REPUBLIKA.CO.ID, JAKARTA - Komisi Nasional Perlindungan Anak (Komnas PA) mendesak Komisi III DPR untuk segera mengesahkan Rancangan Undang-Undang Sistem Peradilan Anak (RUU PA). Desakan itu tak lepas dari banyak kasus pidana yang menimpa anak di bawah umur.
"Dengan adanya kasus AAL (15), pelajar SMK 3 Palu, Sulawesi Tengah yang dituduh mencuri sendal jepit anggota Brimob Sulteng, Briptu Rusdi Harahap tersebut, maka tidak ada alasan bagi Komisi III DPR untuk tidak segera mengesahkan RUU Sistem Peradilan Anak," kata Ketua Komnas PA, Arist Merdeka Sirait, di Jakarta, Rabu (11/1).
Selama ini, lanjut dia, penegak hukum seperti hakim, polisi dan jaksa "bersembunyi" untuk tidak membawa kasus yang menimpa anak di sidang di luar persidangan lantaran tidak ada payung hukumnya.
"RUU tersebut akan mengatur bagaimana cara mengadili anak di bawah umur.
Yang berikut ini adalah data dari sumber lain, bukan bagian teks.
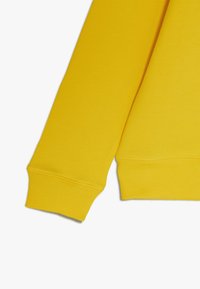 Manga y dobladillo de sudadera amarilla con puños acanalados y detalles de costura sobre un fondo blanco.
Dengan adanya RUU tersebut, jadi setiap hakim atau penegak hukum itu tidak bisa lagi selalu beralasan dan bersembunyi untuk tidak melaksanakan restorasi keadilan," katanya.
Selain itu, lanjut dia, akan didefinisikan secara mendalam indikator kenakalan anak dan kejahatan. Kalau kejahatan atau "Otentik Crime" dilakukan secara berulang-ulang, bila dilepas akan mengancam dirinya dan ketertiban umum, sehingga harus dititipkan di suatu tempat (ditahan).
"Bila seorang anak melakukan kejahatan, maka hukumannya pidana. Namun, kenakalan hakim bisa memvonis dengan tindakan, yakni mengembalikan kepada orangtuanya. Hukuman pidana yang diberikan kepada anak merupakan jalan terakhir," katanya.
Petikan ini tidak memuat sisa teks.